Brief descriptive captions

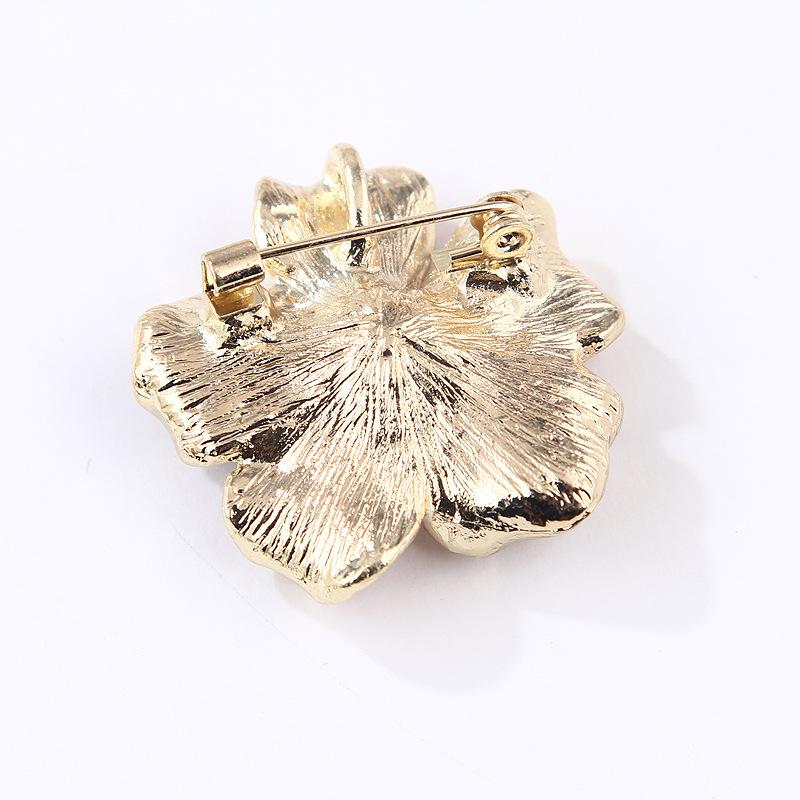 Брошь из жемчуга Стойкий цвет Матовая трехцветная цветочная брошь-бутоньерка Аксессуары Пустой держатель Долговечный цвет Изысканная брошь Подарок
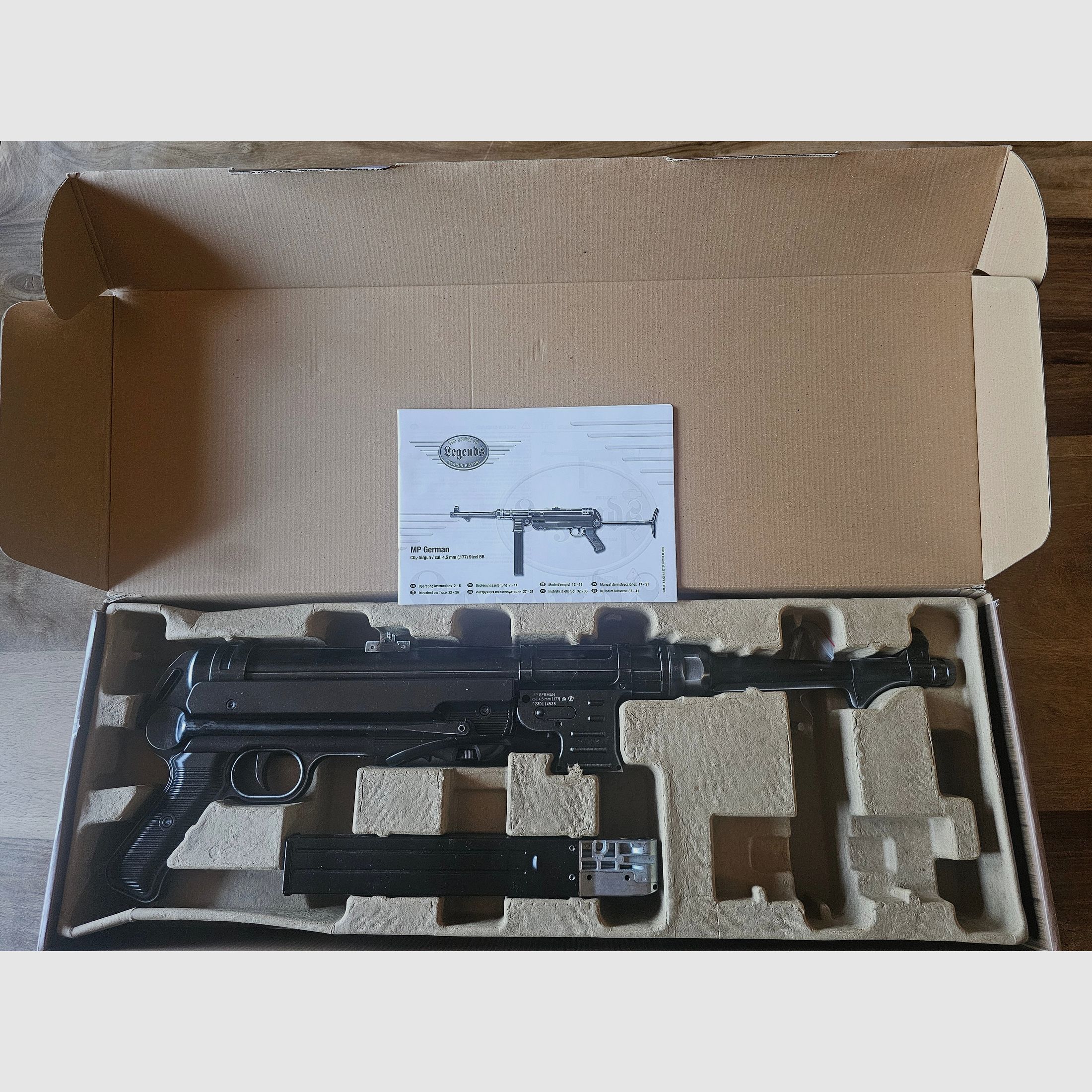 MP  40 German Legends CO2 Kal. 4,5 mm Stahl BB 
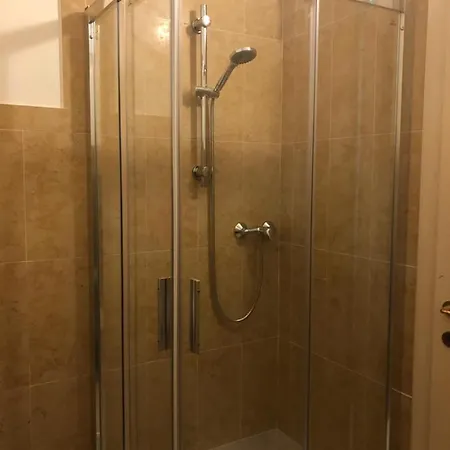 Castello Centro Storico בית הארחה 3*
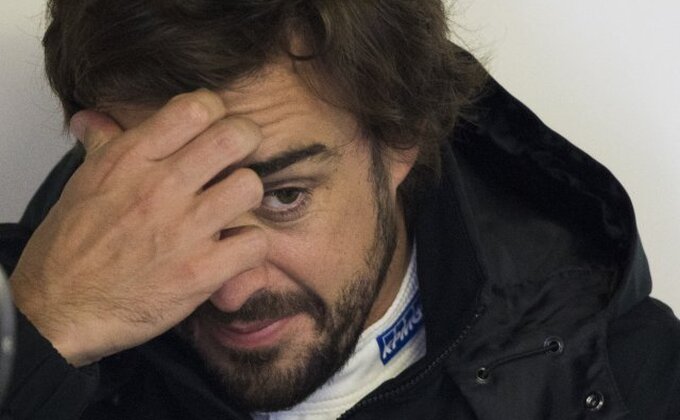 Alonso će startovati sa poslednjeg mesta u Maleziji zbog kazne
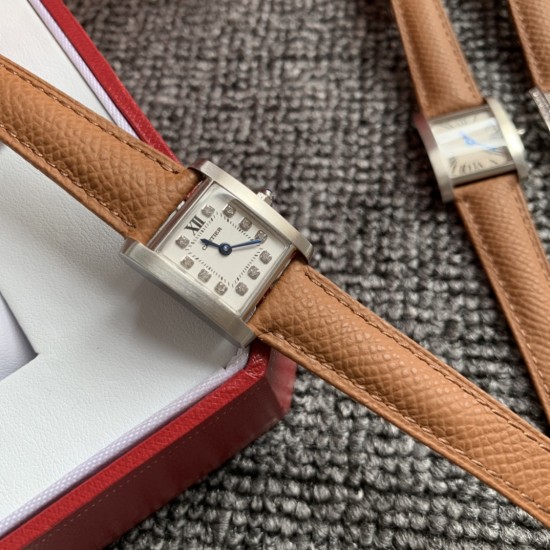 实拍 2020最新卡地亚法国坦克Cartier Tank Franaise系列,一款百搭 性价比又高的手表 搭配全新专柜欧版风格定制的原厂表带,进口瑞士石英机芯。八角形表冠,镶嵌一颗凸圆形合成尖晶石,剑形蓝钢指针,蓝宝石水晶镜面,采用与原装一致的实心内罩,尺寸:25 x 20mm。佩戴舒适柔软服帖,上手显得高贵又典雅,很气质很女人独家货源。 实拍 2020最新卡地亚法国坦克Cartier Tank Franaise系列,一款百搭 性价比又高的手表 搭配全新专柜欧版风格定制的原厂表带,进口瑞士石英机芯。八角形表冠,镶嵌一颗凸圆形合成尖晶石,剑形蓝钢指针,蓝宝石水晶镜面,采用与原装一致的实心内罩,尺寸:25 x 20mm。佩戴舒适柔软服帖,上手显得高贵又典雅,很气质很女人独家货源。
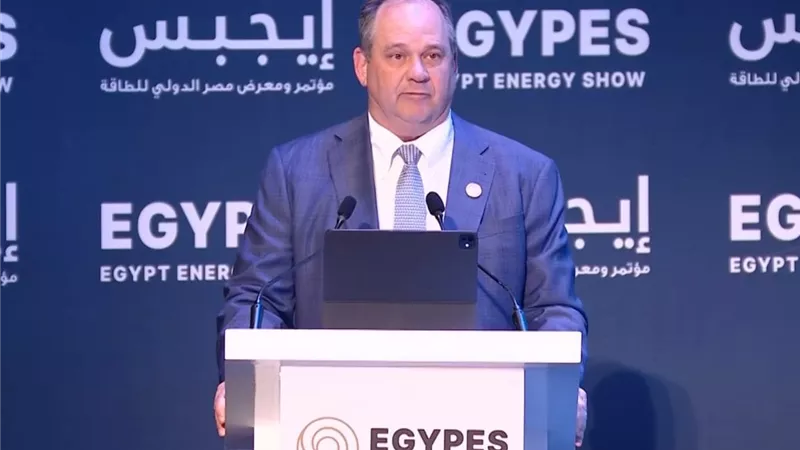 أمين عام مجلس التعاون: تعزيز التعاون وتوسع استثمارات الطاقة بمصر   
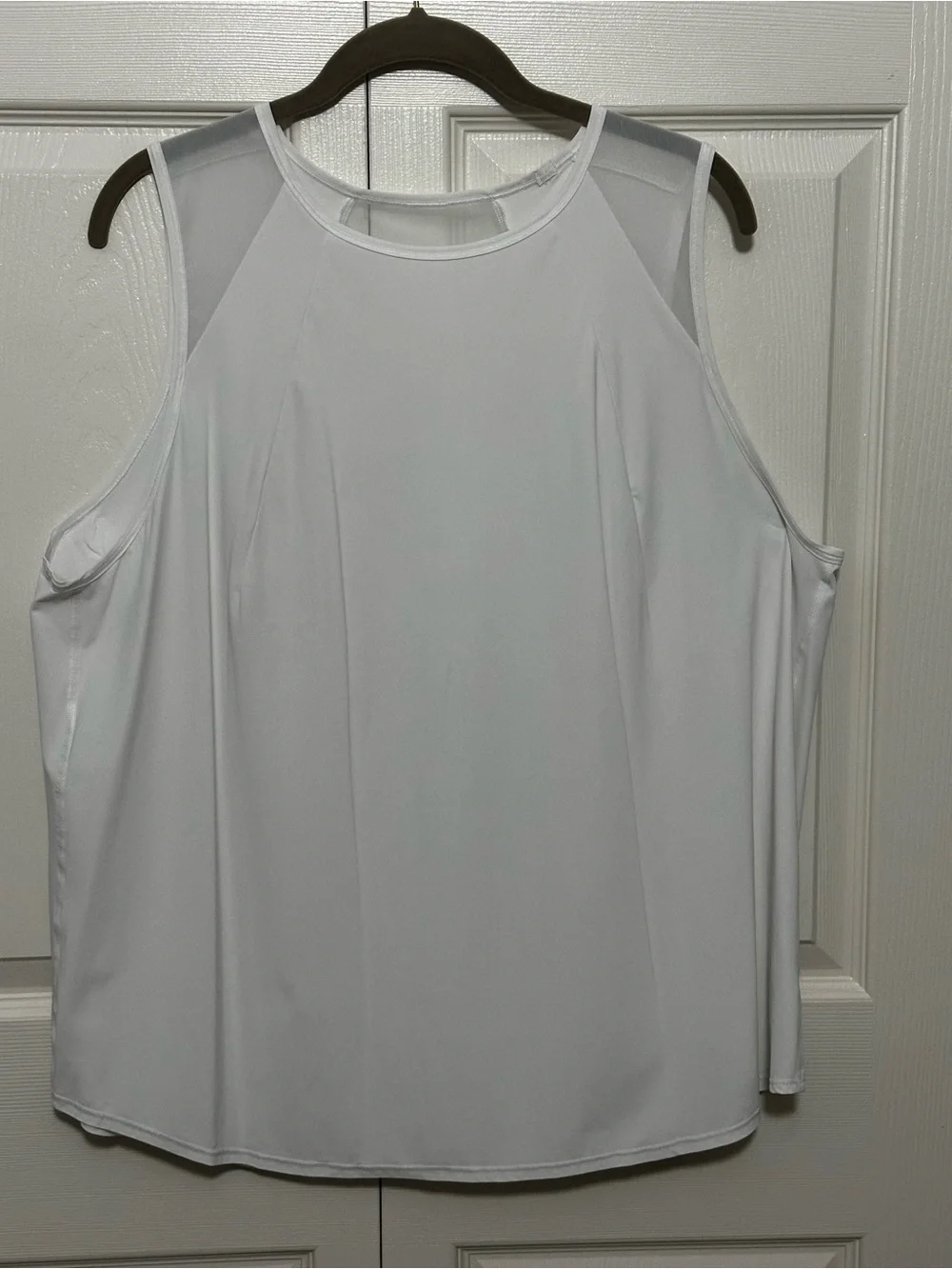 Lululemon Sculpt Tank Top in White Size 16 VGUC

PROBLEM REQUIREMENTS: Copy exactly the lines from the line containing "mm Stahl BB" through the last line of the records above, both included, and leave out any pictures.

COMPLETED EXERCISE:
 MP  40 German Legends CO2 Kal. 4,5 mm Stahl BB 
 Castello Centro Storico בית הארחה 3*
 Alonso će startovati sa poslednjeg mesta u Maleziji zbog kazne
 实拍 2020最新卡地亚法国坦克Cartier Tank Franaise系列,一款百搭 性价比又高的手表 搭配全新专柜欧版风格定制的原厂表带,进口瑞士石英机芯。八角形表冠,镶嵌一颗凸圆形合成尖晶石,剑形蓝钢指针,蓝宝石水晶镜面,采用与原装一致的实心内罩,尺寸:25 x 20mm。佩戴舒适柔软服帖,上手显得高贵又典雅,很气质很女人独家货源。 实拍 2020最新卡地亚法国坦克Cartier Tank Franaise系列,一款百搭 性价比又高的手表 搭配全新专柜欧版风格定制的原厂表带,进口瑞士石英机芯。八角形表冠,镶嵌一颗凸圆形合成尖晶石,剑形蓝钢指针,蓝宝石水晶镜面,采用与原装一致的实心内罩,尺寸:25 x 20mm。佩戴舒适柔软服帖,上手显得高贵又典雅,很气质很女人独家货源。
 أمين عام مجلس التعاون: تعزيز التعاون وتوسع استثمارات الطاقة بمصر   
 Lululemon Sculpt Tank Top in White Size 16 VGUC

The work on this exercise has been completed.